Your task >> Include the line containing "ELEPHANT FOCUS GROUP REPORT COLCHESTER 2013" and all lines before it, repeated exactly from the listing below, without pictures.

Source data >>
···

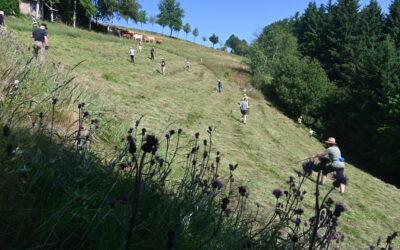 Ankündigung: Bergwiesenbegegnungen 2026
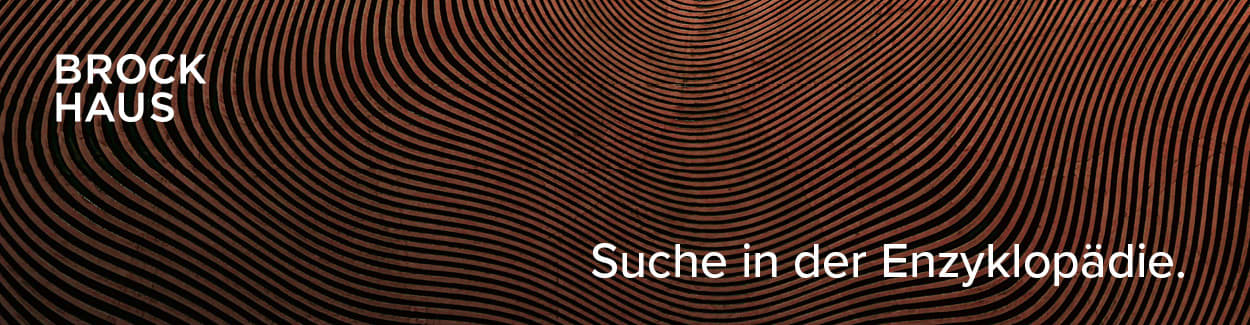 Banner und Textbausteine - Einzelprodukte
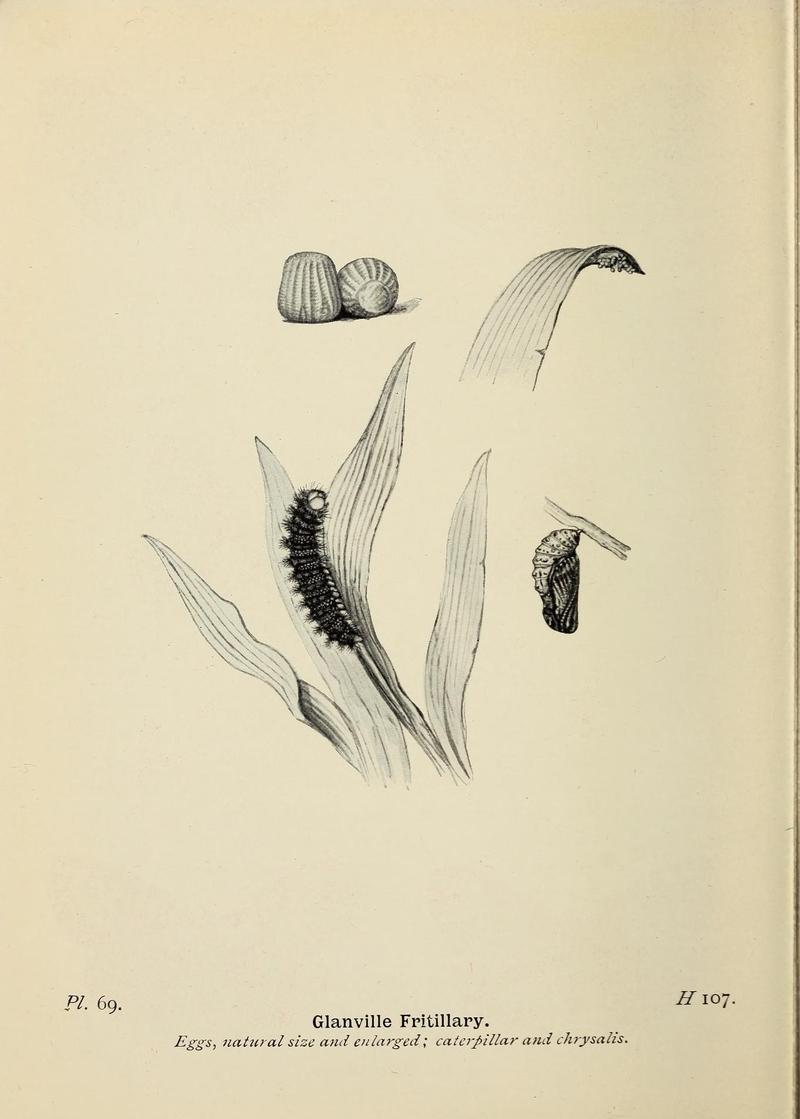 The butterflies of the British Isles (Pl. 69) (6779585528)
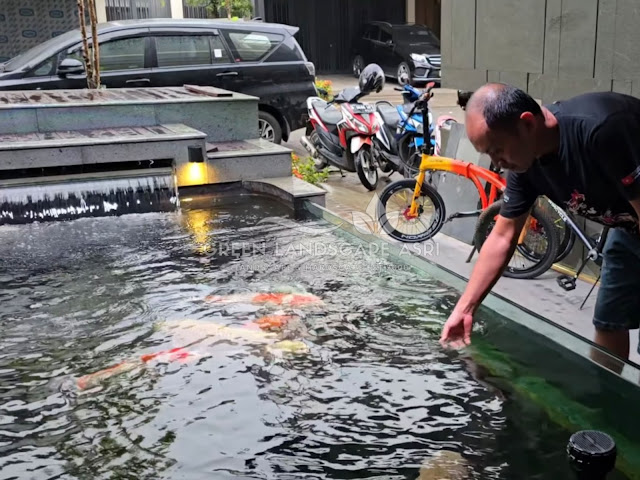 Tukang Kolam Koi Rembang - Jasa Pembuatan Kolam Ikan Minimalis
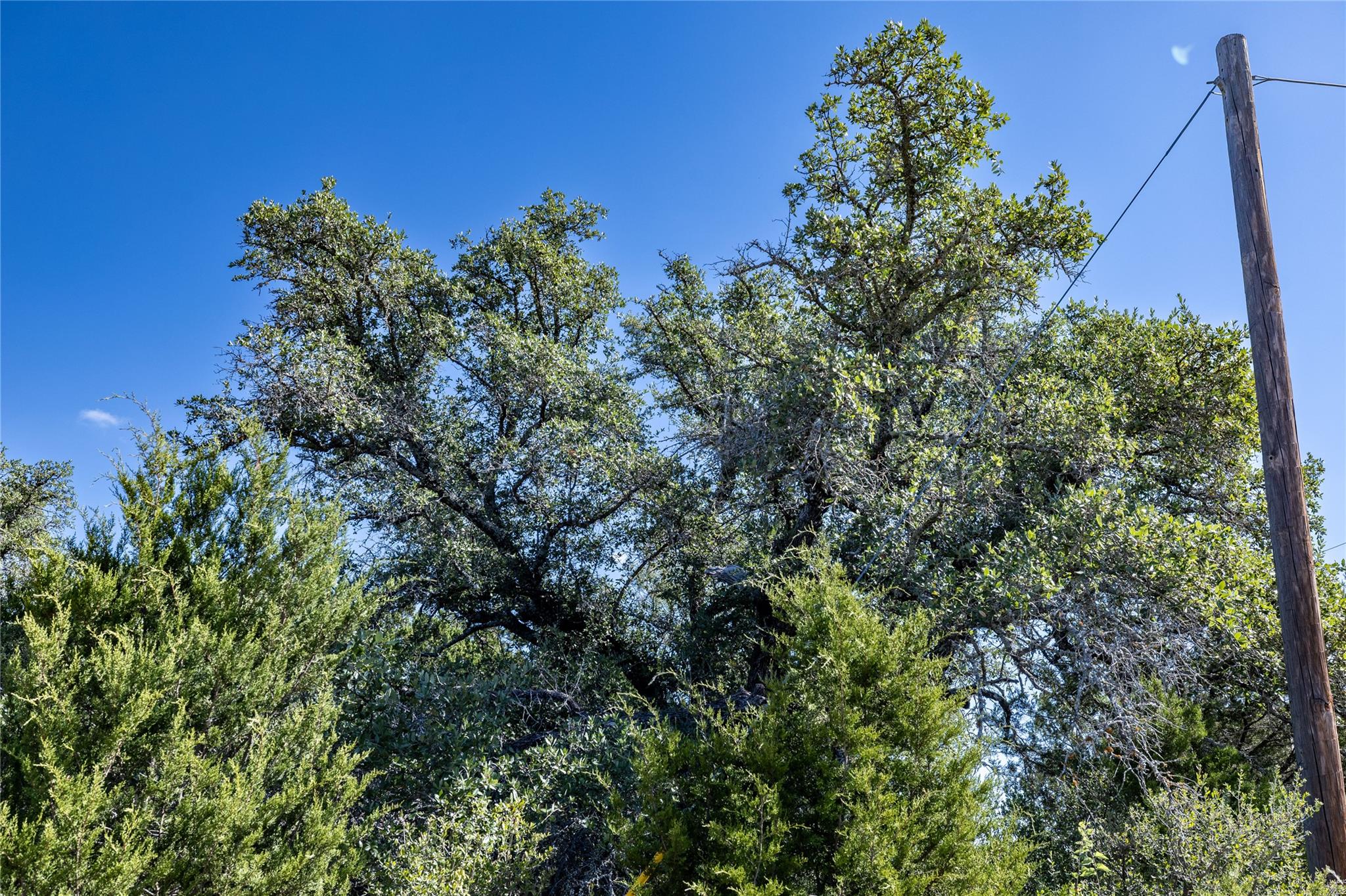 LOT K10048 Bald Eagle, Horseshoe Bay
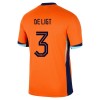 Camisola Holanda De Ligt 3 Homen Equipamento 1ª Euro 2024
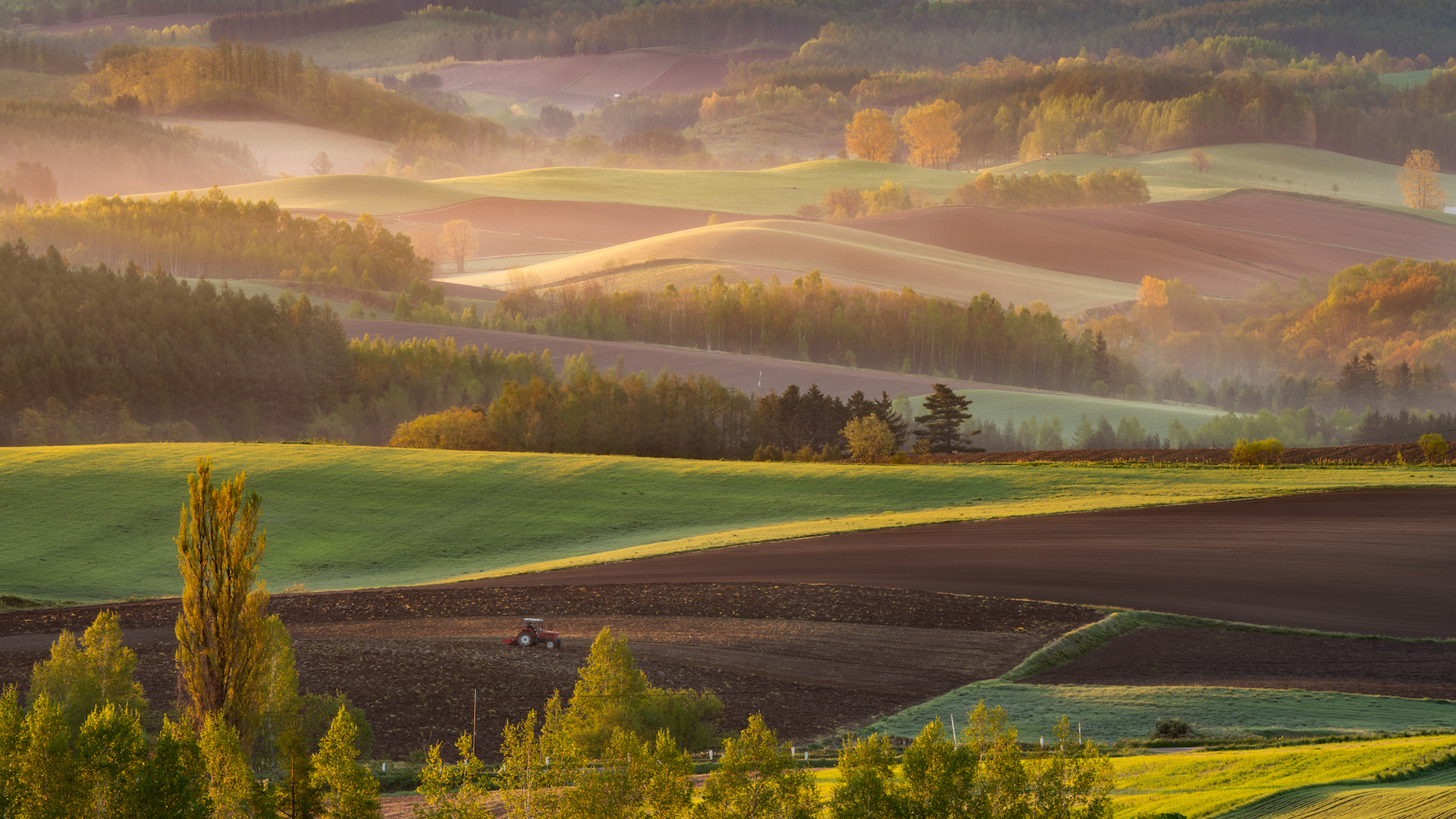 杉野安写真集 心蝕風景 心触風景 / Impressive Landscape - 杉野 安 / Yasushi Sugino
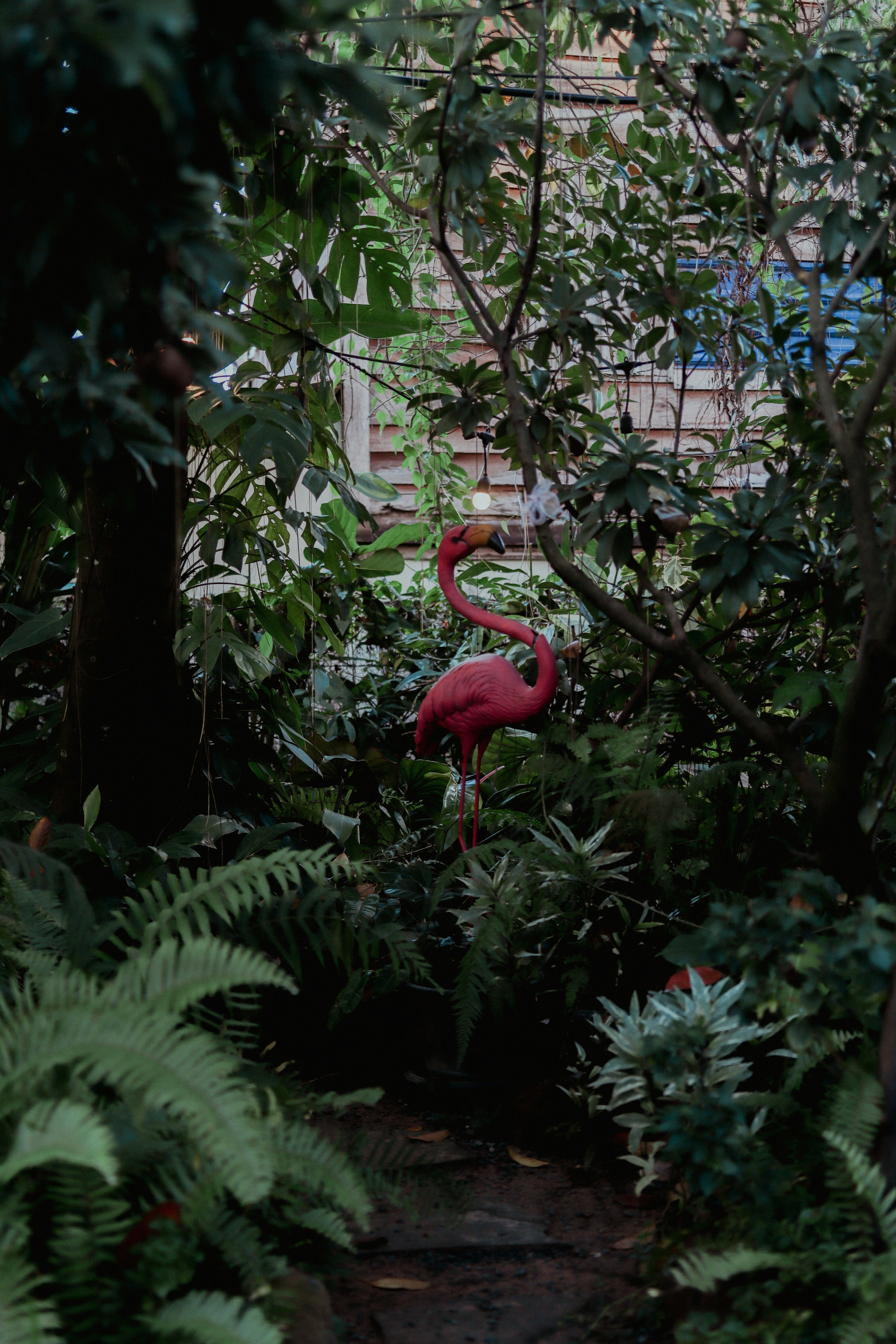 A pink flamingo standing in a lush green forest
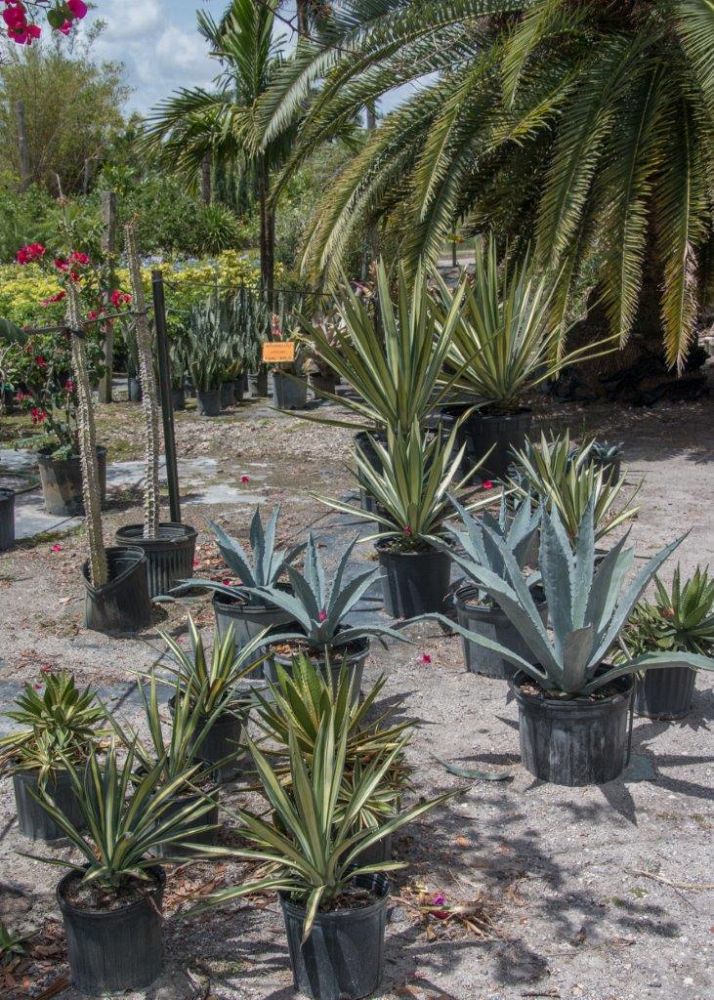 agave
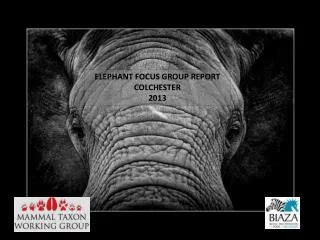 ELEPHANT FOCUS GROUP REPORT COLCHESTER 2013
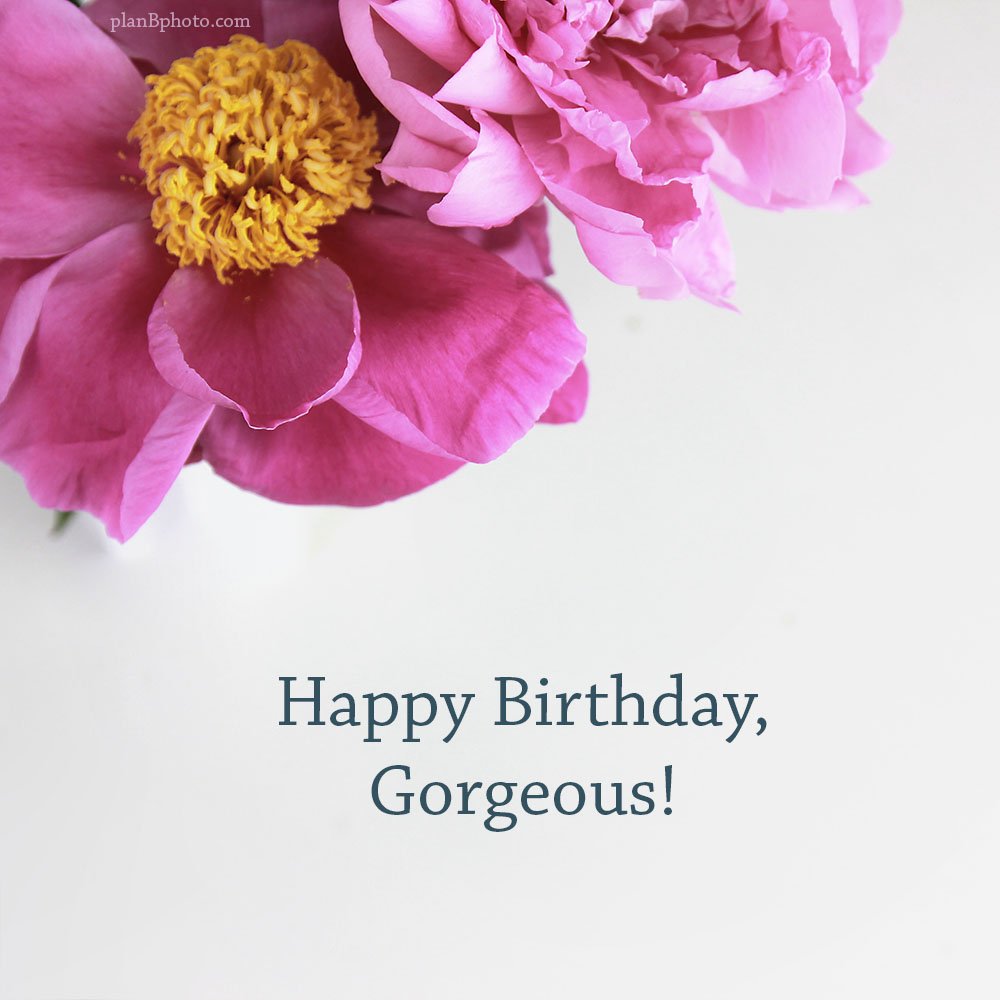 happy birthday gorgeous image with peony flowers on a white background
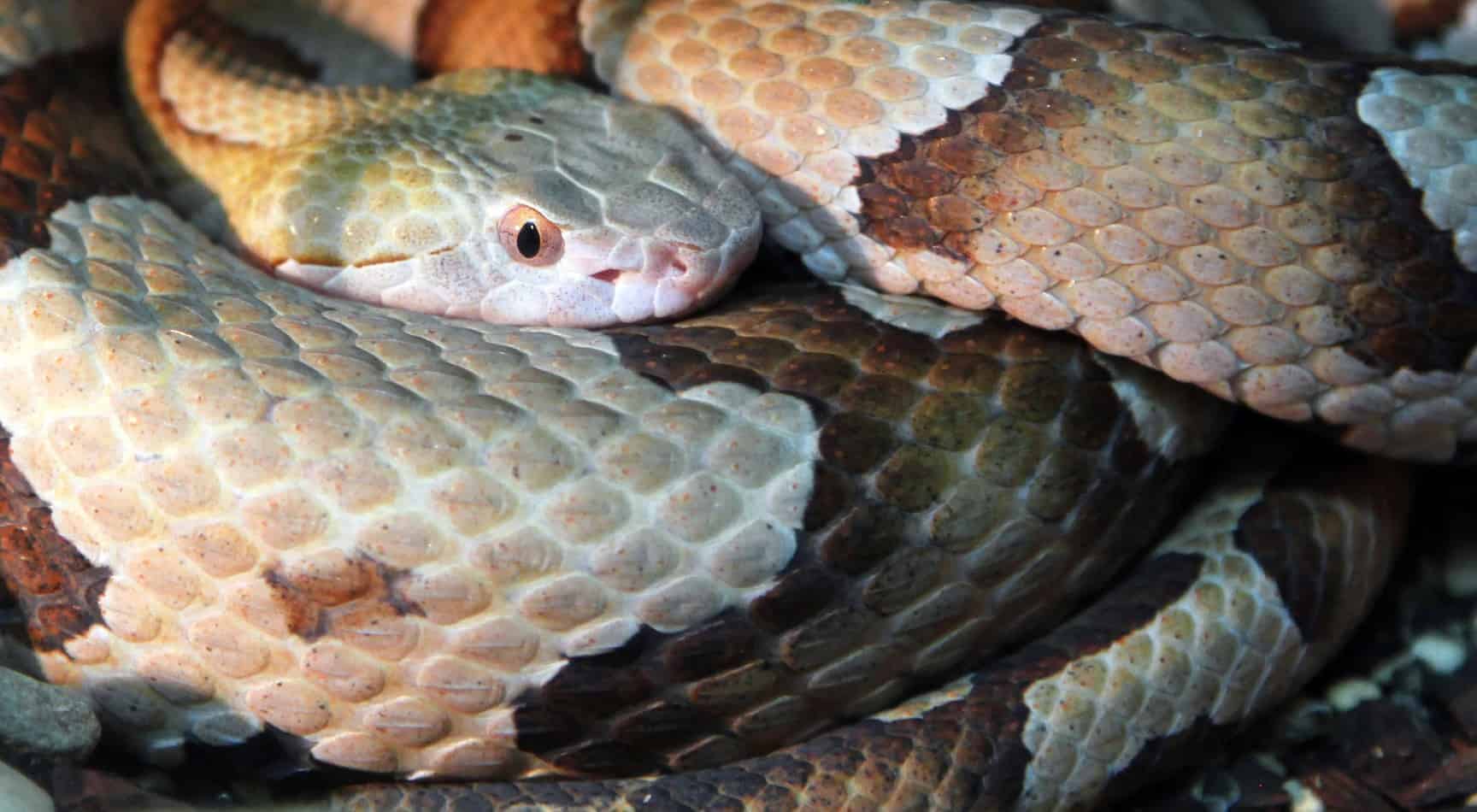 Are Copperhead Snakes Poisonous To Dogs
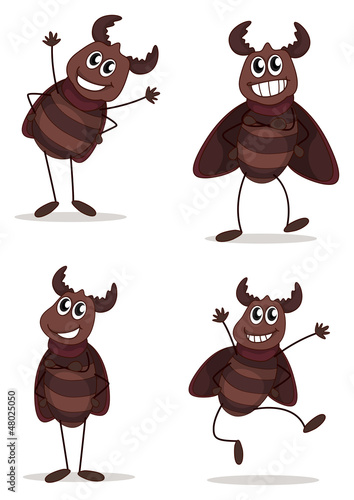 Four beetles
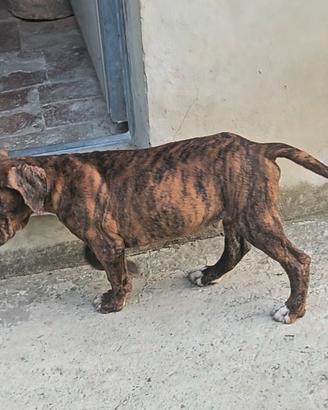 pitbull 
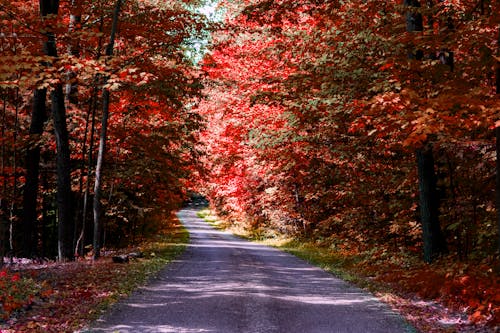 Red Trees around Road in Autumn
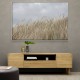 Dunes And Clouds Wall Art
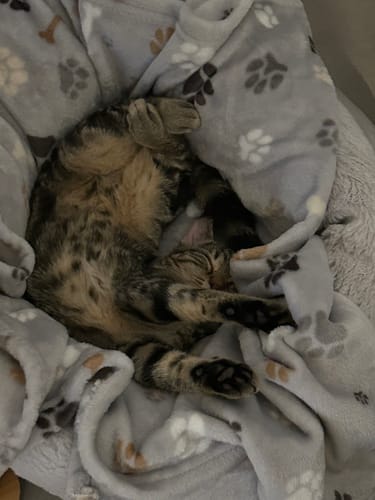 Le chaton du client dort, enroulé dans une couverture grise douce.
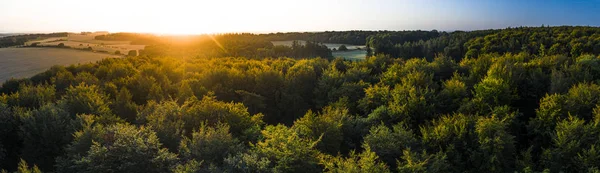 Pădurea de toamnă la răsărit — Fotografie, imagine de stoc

···

Finished exercise >>
 Ankündigung: Bergwiesenbegegnungen 2026
 Banner und Textbausteine - Einzelprodukte
 The butterflies of the British Isles (Pl. 69) (6779585528)
 Tukang Kolam Koi Rembang - Jasa Pembuatan Kolam Ikan Minimalis
 LOT K10048 Bald Eagle, Horseshoe Bay
 Camisola Holanda De Ligt 3 Homen Equipamento 1ª Euro 2024
 杉野安写真集 心蝕風景 心触風景 / Impressive Landscape - 杉野 安 / Yasushi Sugino
 A pink flamingo standing in a lush green forest
 agave
 ELEPHANT FOCUS GROUP REPORT COLCHESTER 2013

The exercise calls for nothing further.